* **Exercise objective**:
Exactly as they appear below, repeat the lines from the one with "17491916411536" through the one with "Thumbnail: 2014 Hyundai Santa Fe - 26". Drop every picture.

________________________

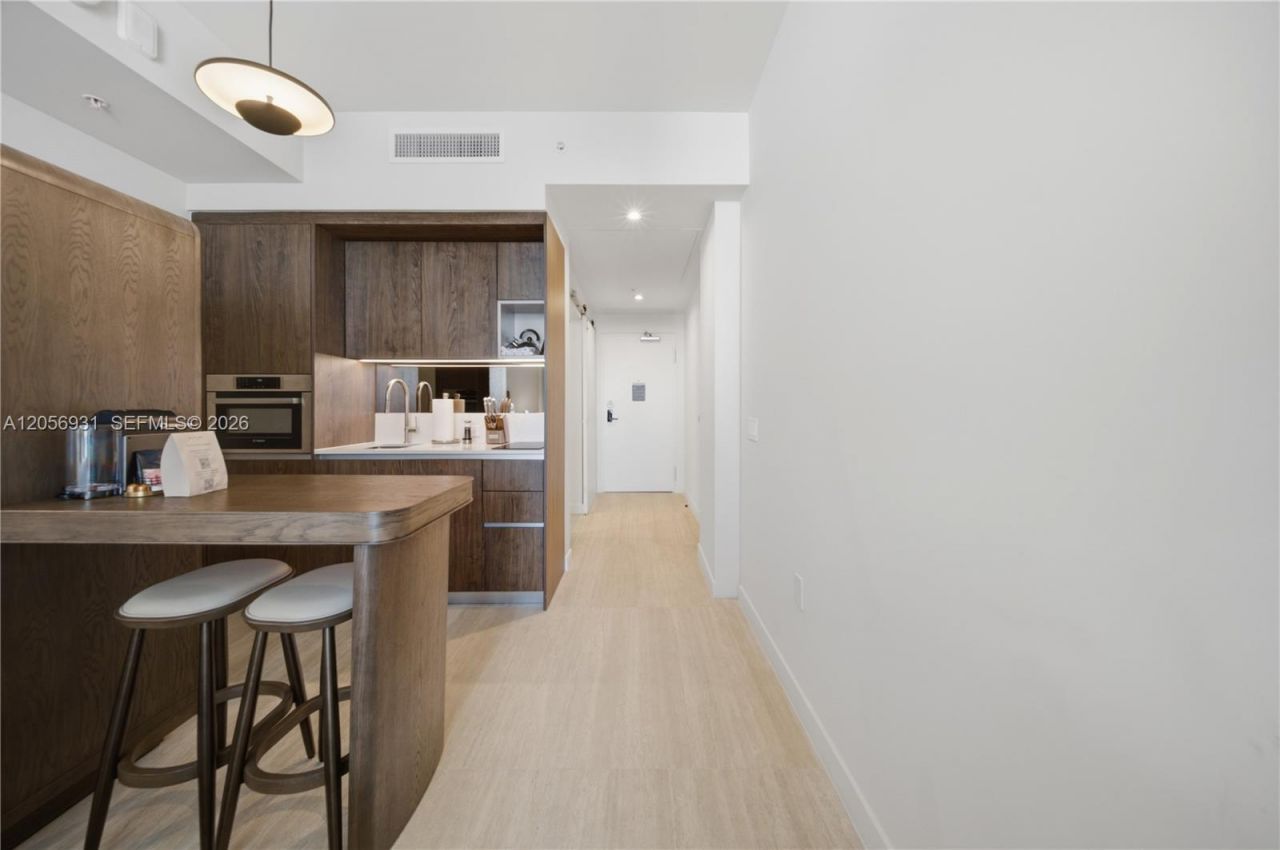 1611 SW 2nd Avenue, Unit 604, Miami, FL 33129 Photo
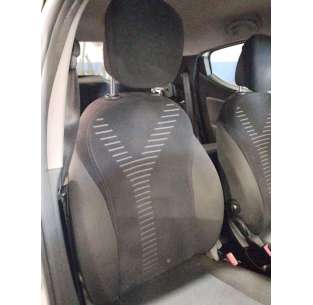 ASIENTO DELANTERO DERECHO... 2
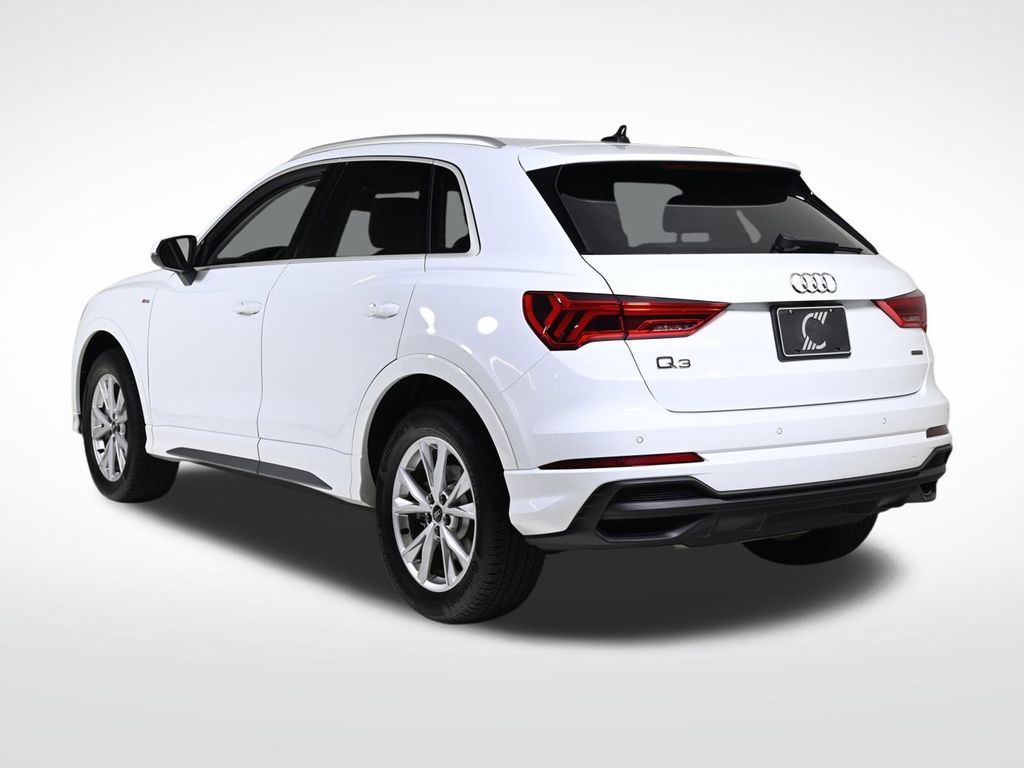2025 Audi Q3 45 TFSI S line Premium photo 3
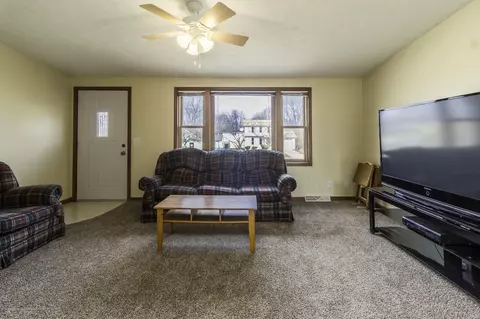6022 Wise Rd, Lansing, MI 48911 photo 3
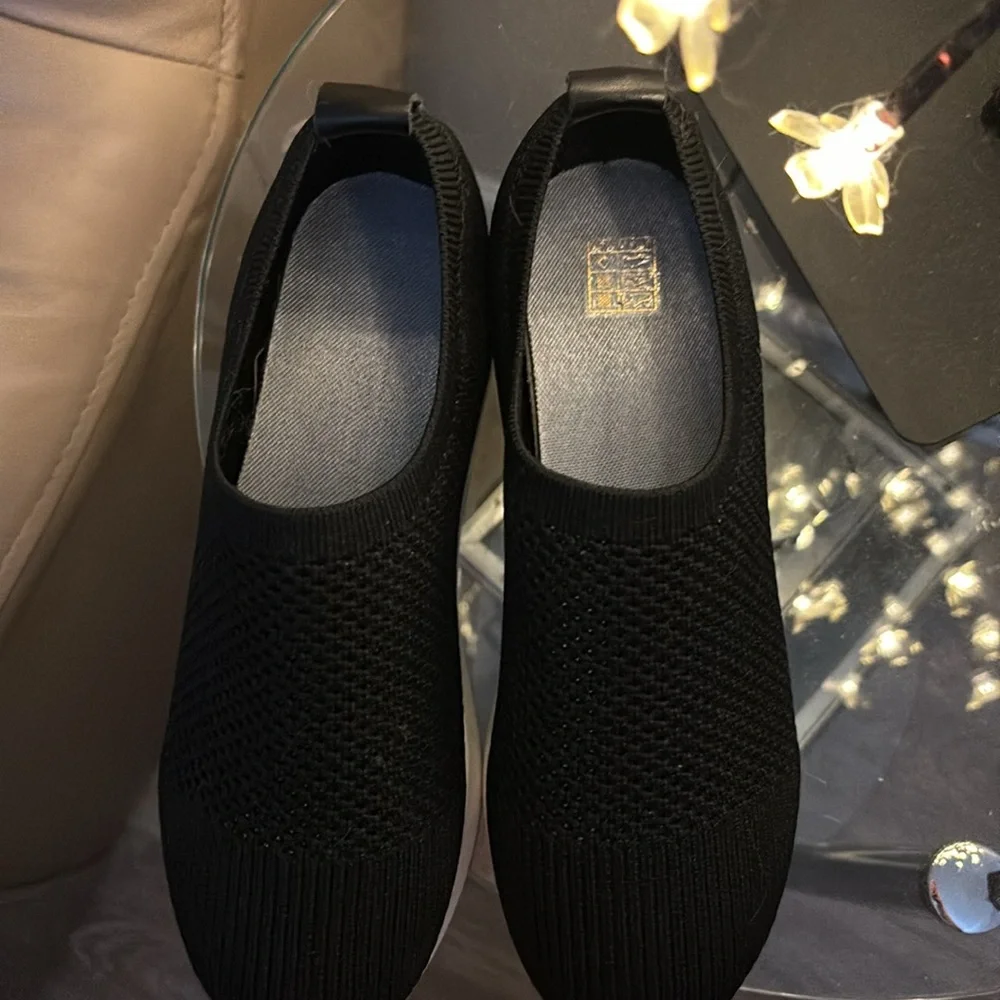 Black Slip-On Platform Sneakers for Women - Comfortable Knit Casual Shoe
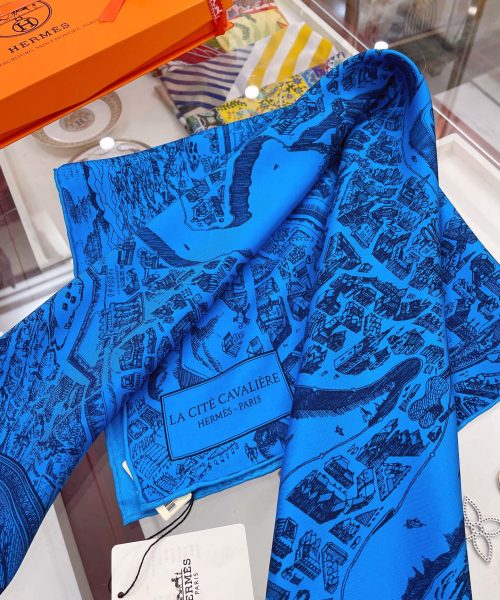 Hermes La Cite Cavalerie 2019 Octave Marsal Dark Blue 90cm/35in H003373S 04.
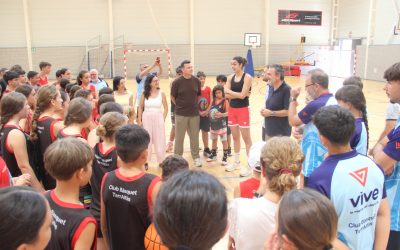 Paula Ginzo jugadora de la Selección Española de baloncesto invitada por el Campus de Bàsket entrena de nuevo en l’Alfàs del Pi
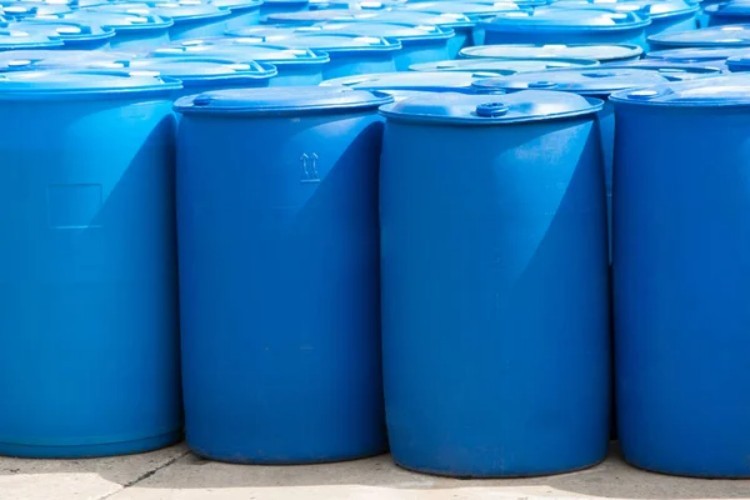 1749191641153633.jpg depositphotos_197502716-stock-photo-planta-química-tambores-de-almacenamiento-de-plástico.jpg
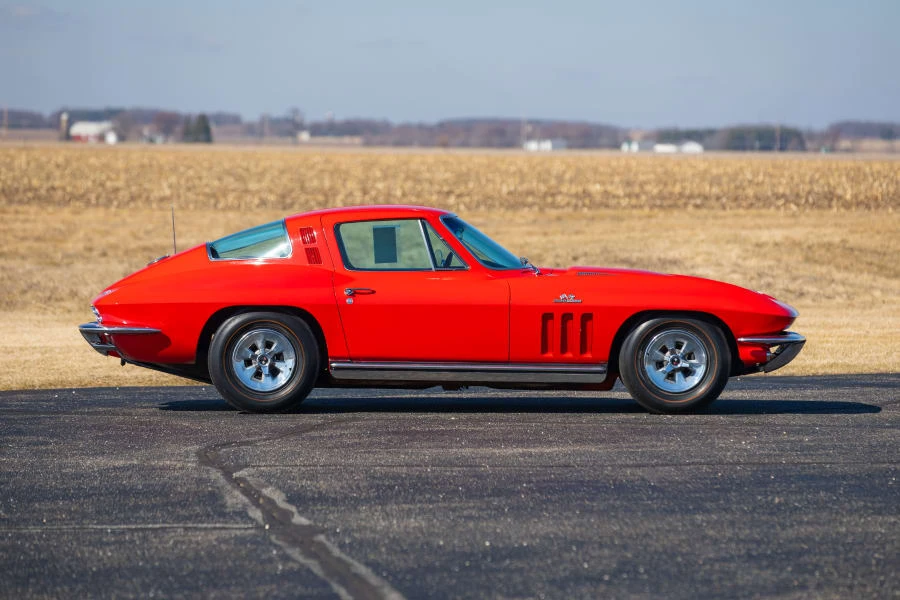 1965 Chevrolet Corvette C2 - Image 11 of 31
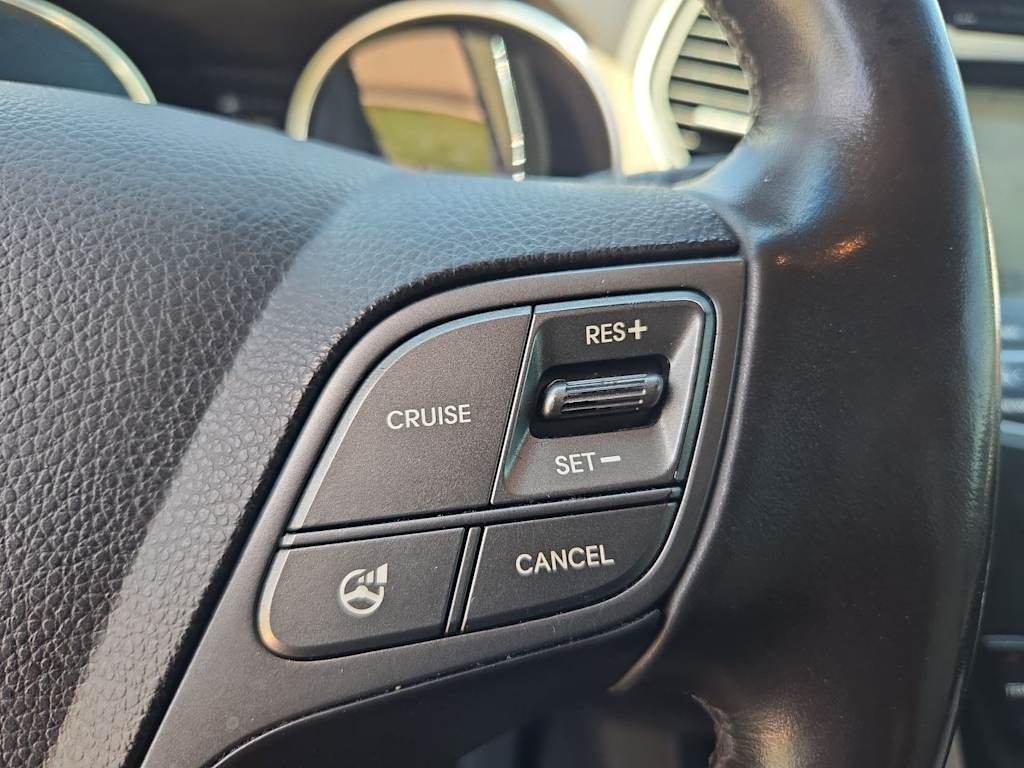 Thumbnail: 2014 Hyundai Santa Fe - 26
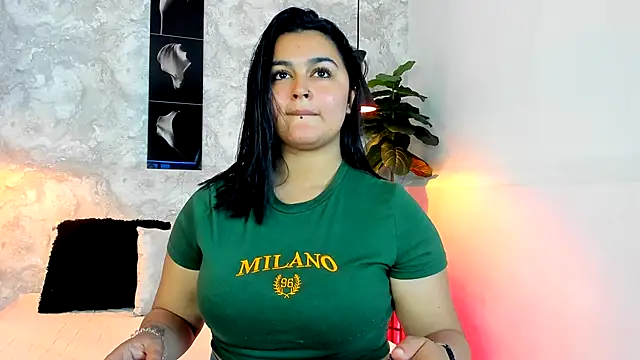 Snapshot of alina_stark chatting on November 2025 07:07:01 PM alina stark online show from November 2025 07:07:01 PM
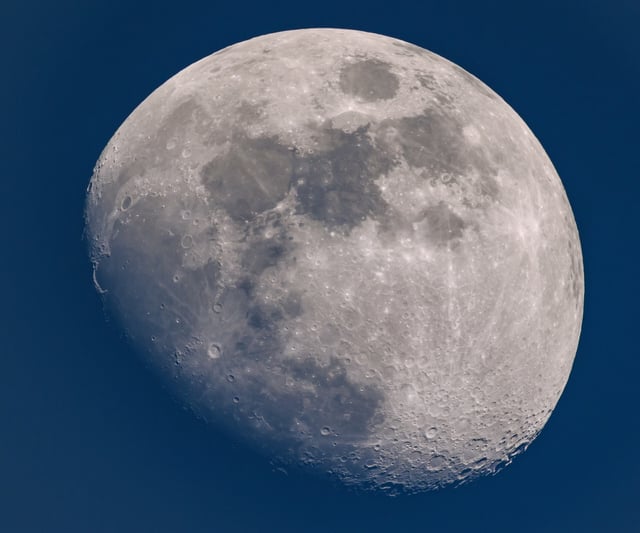 Der Mond am Nachthimmel (Symbolbild)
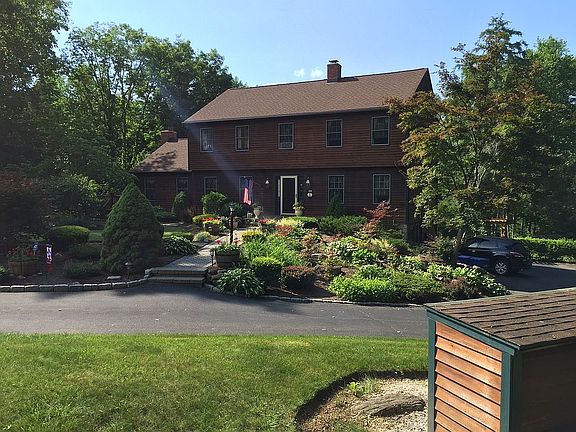 Beautifuly Landscaped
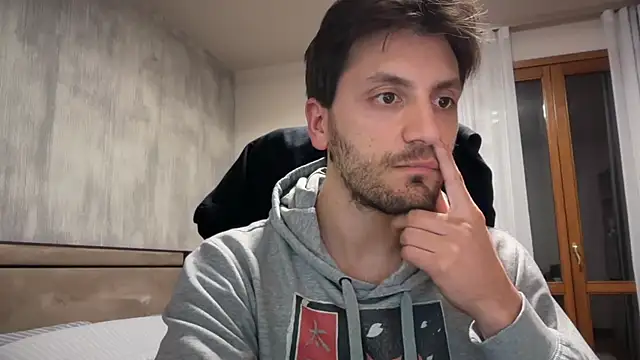 italianass94 online show from April 22, 2026, 6:42 pm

________________________

* **Output of the exercise**:
 1749191641153633.jpg depositphotos_197502716-stock-photo-planta-química-tambores-de-almacenamiento-de-plástico.jpg
 1965 Chevrolet Corvette C2 - Image 11 of 31
 Thumbnail: 2014 Hyundai Santa Fe - 26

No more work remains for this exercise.